Google Unveils Code Assist: A New Competitor to GitHub Copilot

At its Cloud Next conference on Tuesday, Google introduced Gemini Code Assist, a sophisticated AI-driven code completion and assistance tool designed specifically for enterprise use. This announcement follows the earlier Duet AI service, which was phased out in late 2023. Google had hinted at a transition from the Codey model to the Gemini framework even before the discontinuation. With Code Assist, Google not only rebrands its previous offering but also delivers significant enhancements.

Demonstrated at the Las Vegas conference, which attracted 30,000 attendees, Code Assist will integrate seamlessly with popular code editors like VS Code and JetBrains. Positioned as a direct competitor to GitHub’s Copilot Enterprise, Code Assist introduces unique features tailored to Google's infrastructure.
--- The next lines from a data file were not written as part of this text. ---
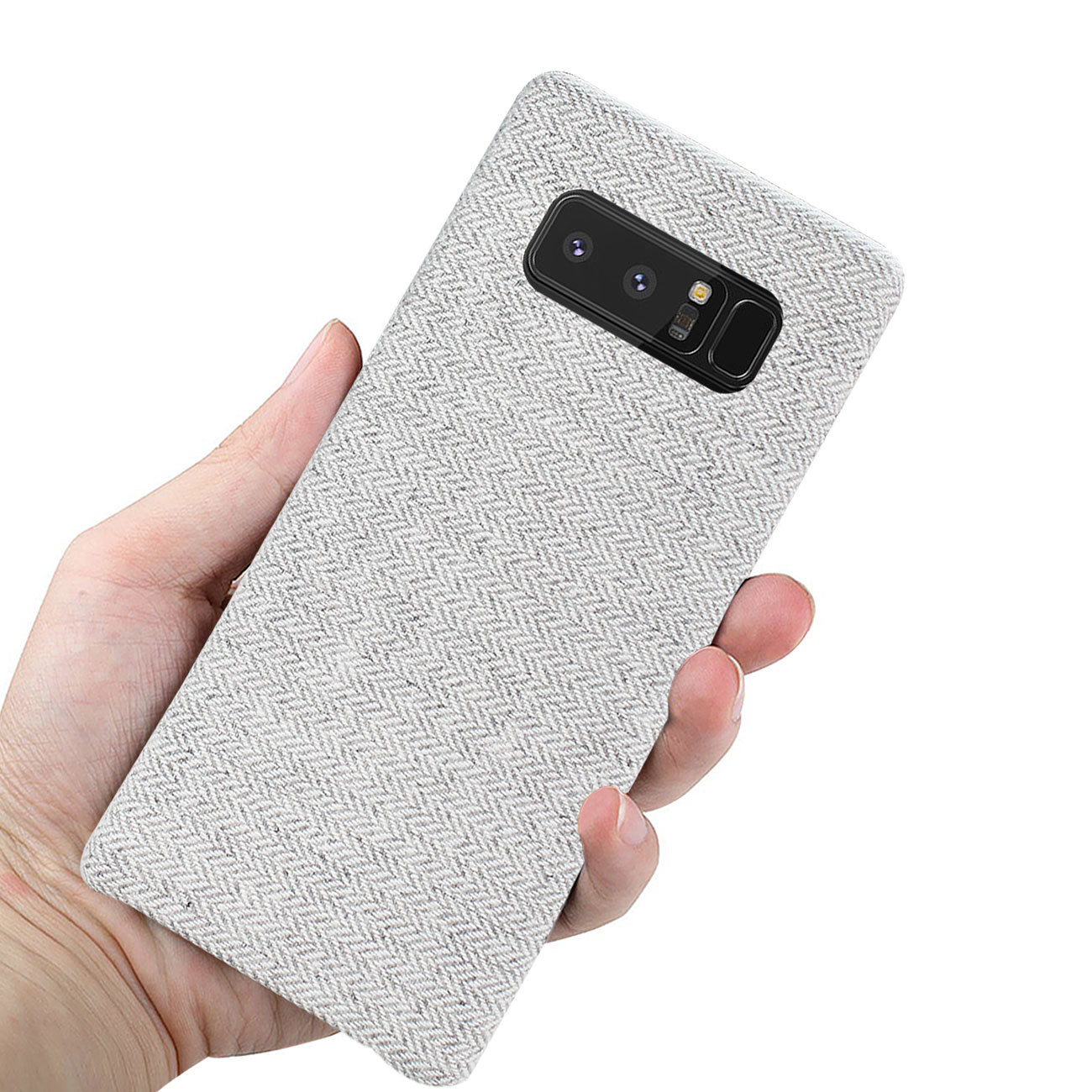Reiko Samsung Galaxy Note 8 Herringbone Fabric In Light Gray
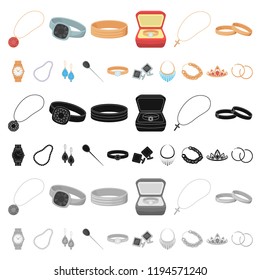 Jewelry and accessories cartoon icons in set collection for design.Decoration vector symbol stock web illustration.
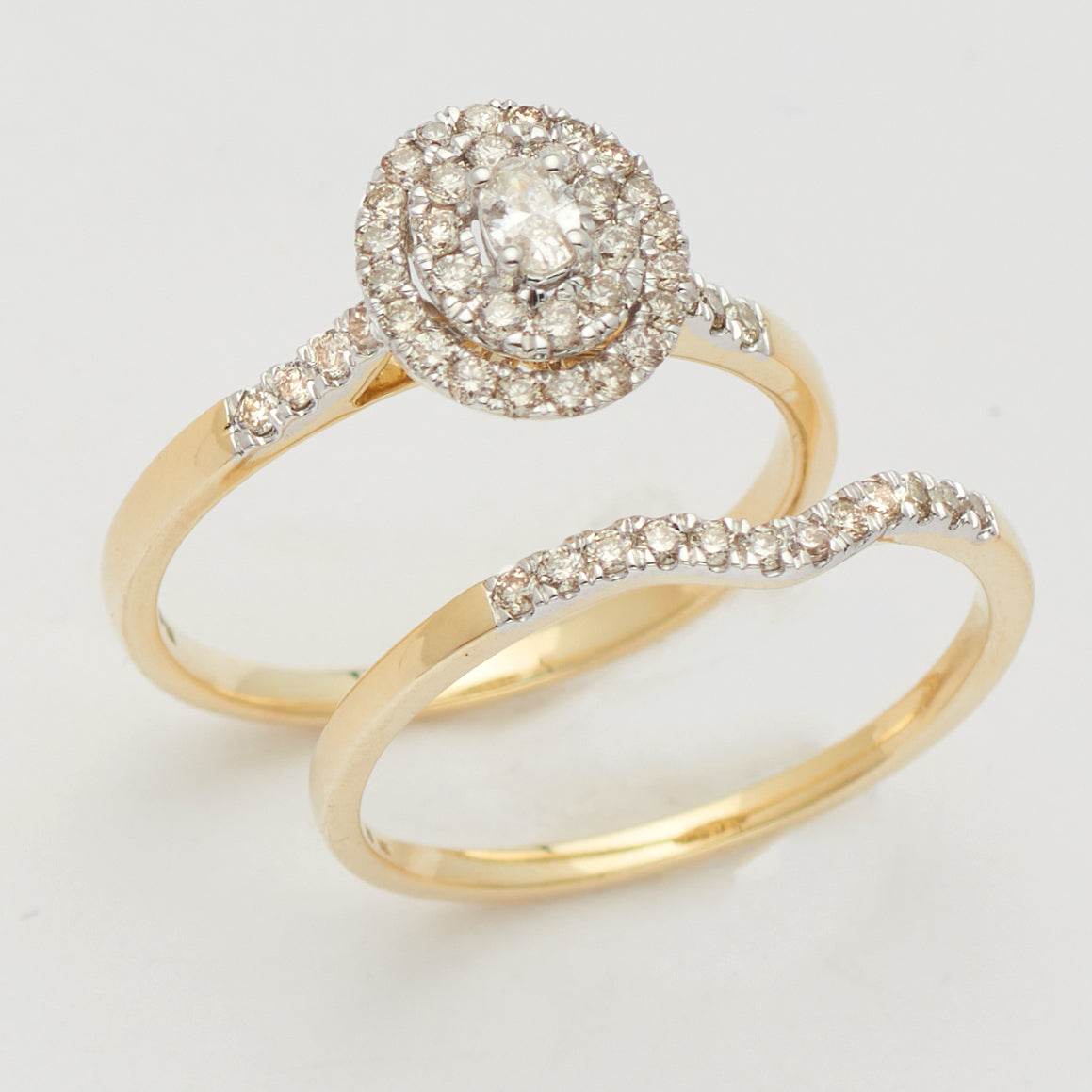 14KY 0.50CTW OVAL DIAMOND BRIDAL SET - DOUBLE OVAL - Norma's Jewelry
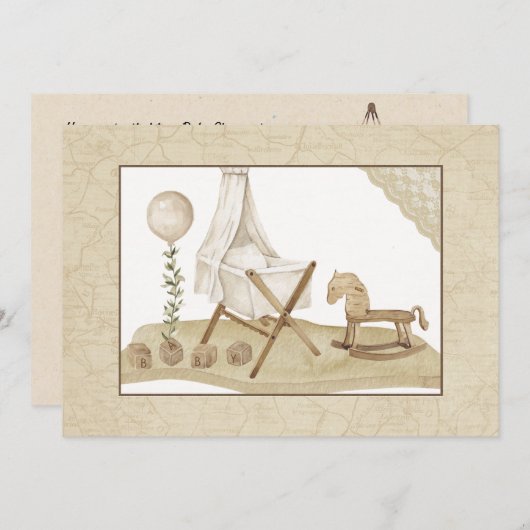 Einladung zur Vintagen Babydusche (Vorne/Hinten)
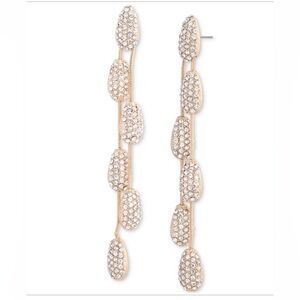 NWT Lauren Ralph Lauren Gold-Tone Pave Pear-Shape Linear Drop Earrings - Crystal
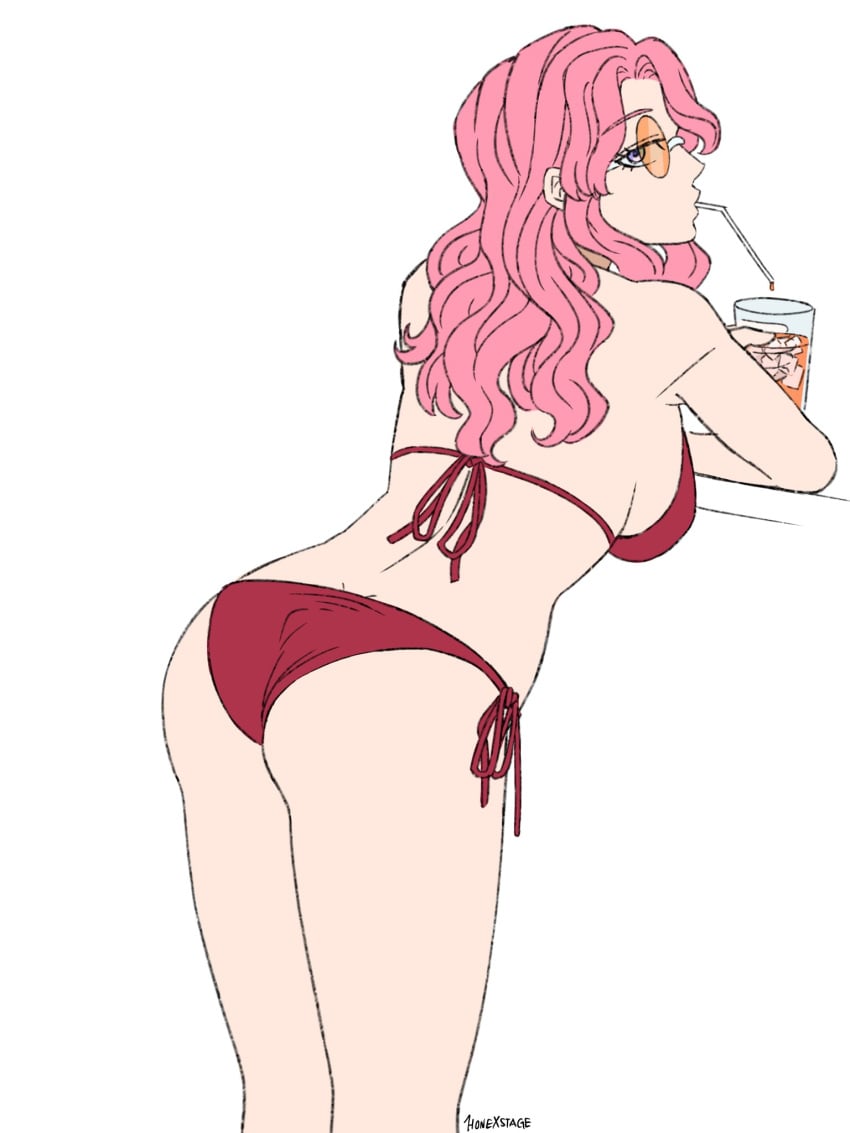 1girls big_breasts bikini bikini_bottom bikini_top black_clover breasts clothed clothed_female drinking female light-skinned_female light_skin looking_at_viewer pink_hair skwd sunglasses thick_ass tinted_eyewear vanessa_enoteca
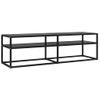 Mueble Para Tv Vidrio Templado Negro 140x40x40,5 Cm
One standout feature of Code Assist is its use of Gemini 1.5 Pro, which boasts a one-million-token context window. This capability allows for a deeper understanding of coding context, resulting in more precise code suggestions and allowing for substantial modifications to large code segments. “This upgrade provides the industry’s largest context window at one million tokens, enabling extensive AI-assisted transformations across entire code bases,” explained Brad Calder, Google's VP and GM for its cloud platform and technical infrastructure, during a press briefing prior to the announcement.

Moreover, similar to GitHub Enterprise, Code Assist can be customized to reflect a company’s internal coding practices.

“Customizing code with RAG utilizing Gemini Code Assist has significantly enhanced the quality of coding support for our developers in terms of code completion and generation,” said Kai Du, Director of Engineering at Turing. He anticipates that such customization will significantly boost the overall code acceptance rate. Currently, this functionality is available in preview.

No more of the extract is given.